Work on device-independent randomness extraction from the quantum information community has so far focused on a small set of sources — uniform seeds of limited length, arbitrary Santha-Vazirani sources, and more recently general min-entropy sources — but I see no reason why these are the only cases of interest; the restricted focus seems to be mostly for historical reasons. In pseudo-randomness different types of sources are often motivated by applications to derandomization, lower bounds, or combinatorial constructions. In quantum information, rather than “beating the classical” we should focus on the scenario that are best motivated by the relevant applications, which so far come mostly from cryptography. Here device-independent randomness certification procedures seem most relevant in their role as “decouplers” (see the discussion on “random to whom” from Valerio’s talk). What kind of structure are we willing to assume on the kind of information an adversary may have kept on a particular source? This question seems particularly relevant in light of recent works on device-independent two-source extraction.

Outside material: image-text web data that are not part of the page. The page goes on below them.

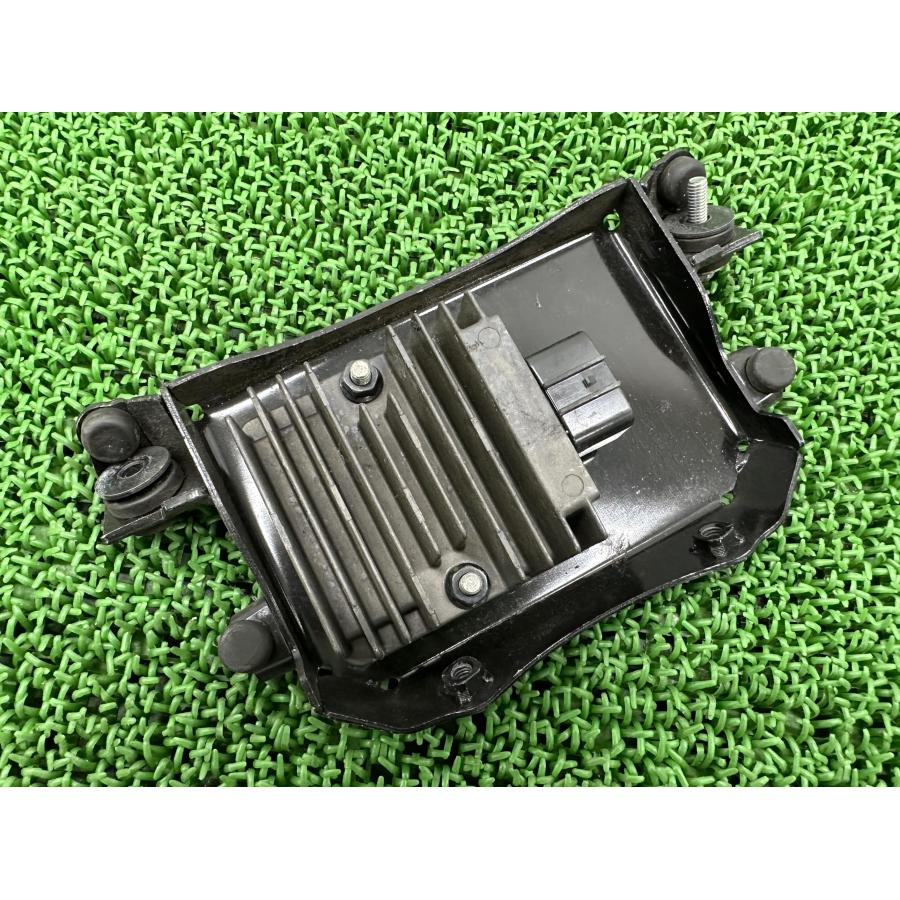 レブル250 レギュレター ホンダ 純正 バイク 部品 MC49 電装ケース付 レギュレーター レクチファイアー 機能的問題なし 【中古】 19 ホンダ（HONDA） レブル250 レギュレター 純正 中古 バイク 部品 MC49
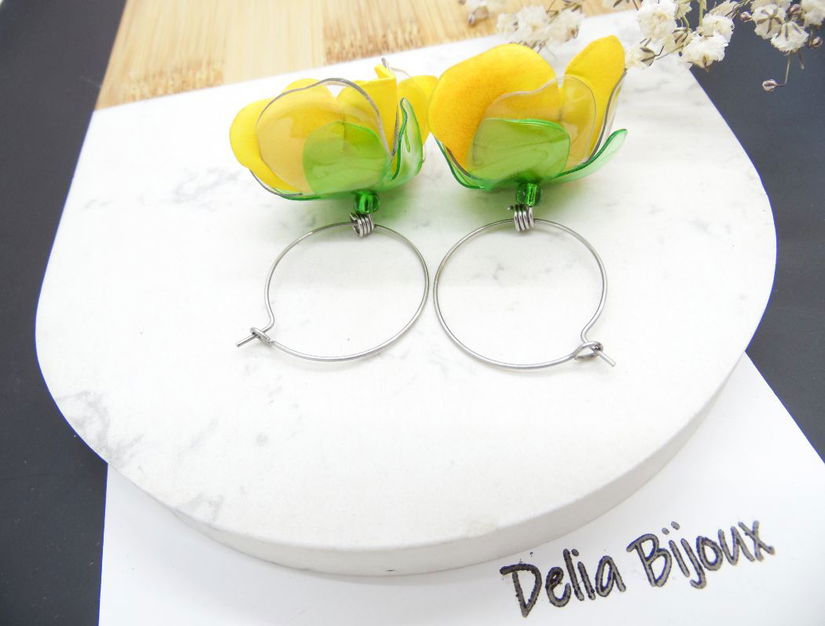 Cercei Statement Handmade Flori Foamiran și Sticlă Reciclată (cod1154)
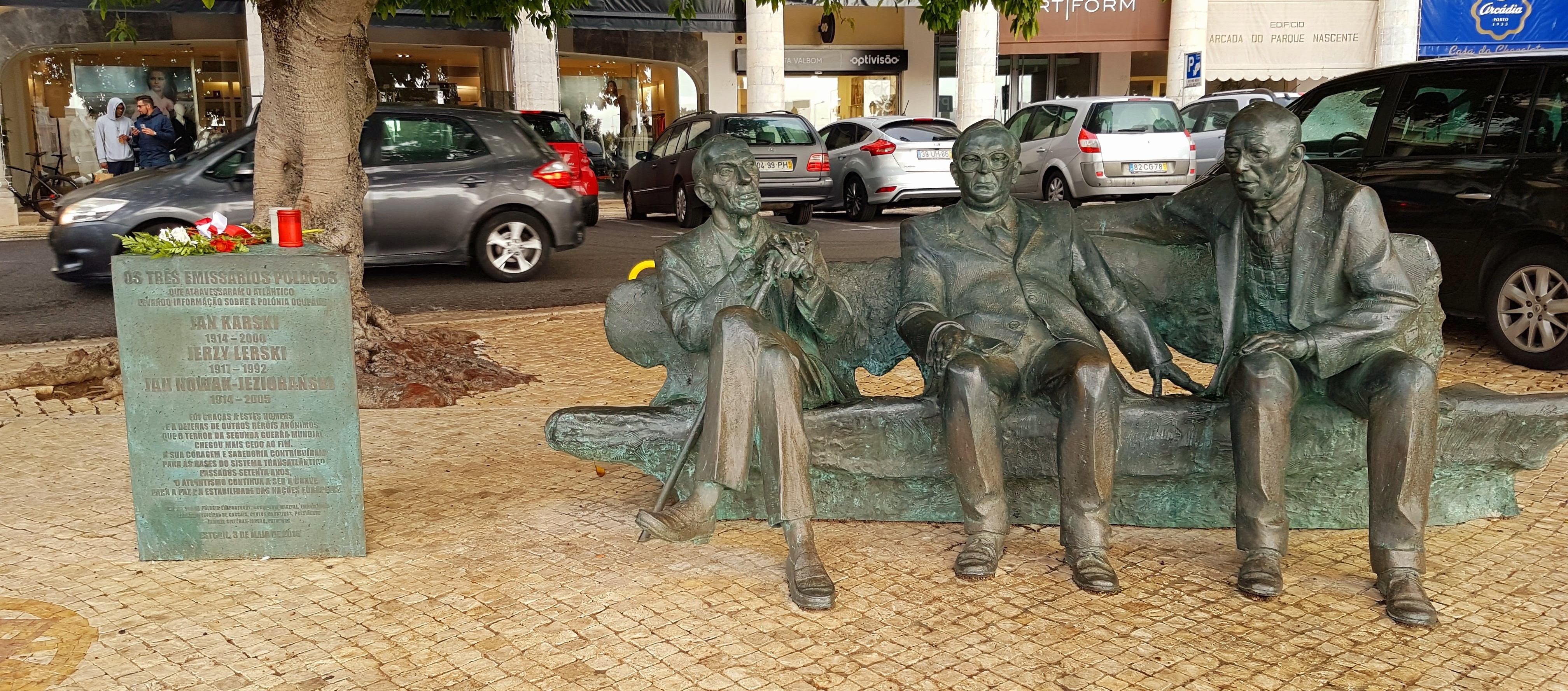 Fotografia przedstawiająca Bench of the three Polish emissaries in Estoril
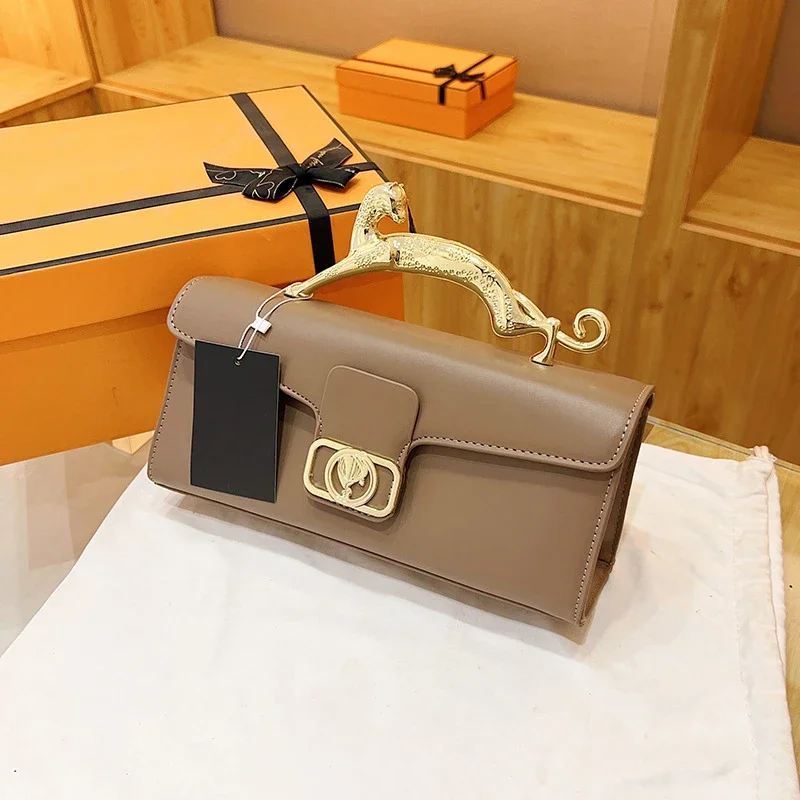 Women Luxury Brand Design Leather Bag 2023 New Ladies Metal Buckle Simple Fashion Shoulder Bag Party Oblique Bag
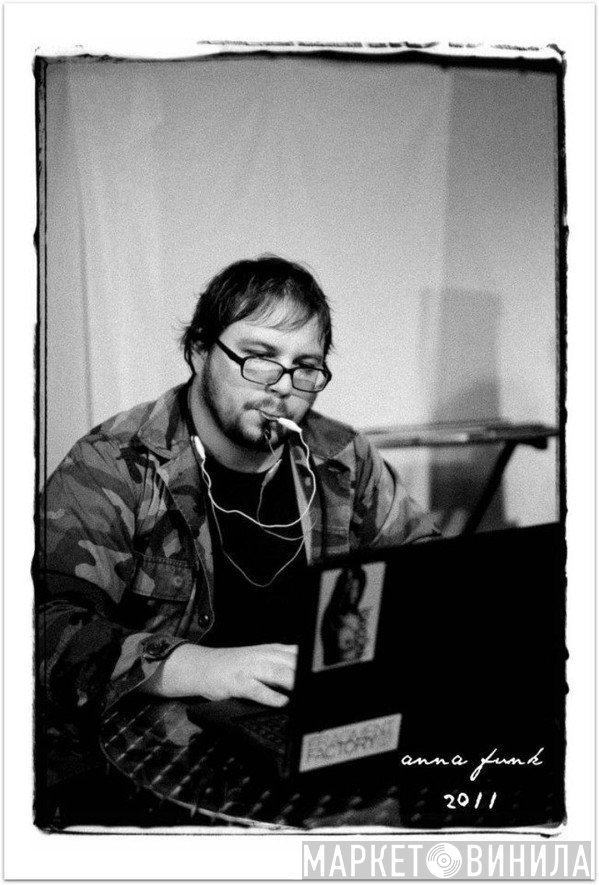 Travis Johnson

David’s talk was followed with a talk by one of his students, Eshan Chattopadhyay, on their recent breakthrough construction of a two-source extractor for poly-logarithmic min-entropy. It is hard to do any justice to such an intricate (and beautiful!) result, and instead I will point you to Eshan’s slides or the great talk that David gave on the same topic on TCS+ just a few weeks ago.

For the last talk of the morning session Henry Yuen treated us to an (arguably :-)) even more formidable treat: infinite randomness expansion! Henry presented the main steps that led him and Matthew Coudron to their beautiful result showing how, starting from just a few uniformly random bits, one could bootstrap a quantum device-independent expansion procedure and generate as many uniformly random bits as one desires — yes, that’s an ${\infty}$! (I realize a bit late that I never properly explained what “device-independent” even means… if I have any “classical” readers left, for context for Henry’s talk see a blog post of Henry’s for all the required background; for the quantum crypto motivation see the viewpoint by Roger Colbeck; for the computer scientist perhaps the introduction to this paper is readable.)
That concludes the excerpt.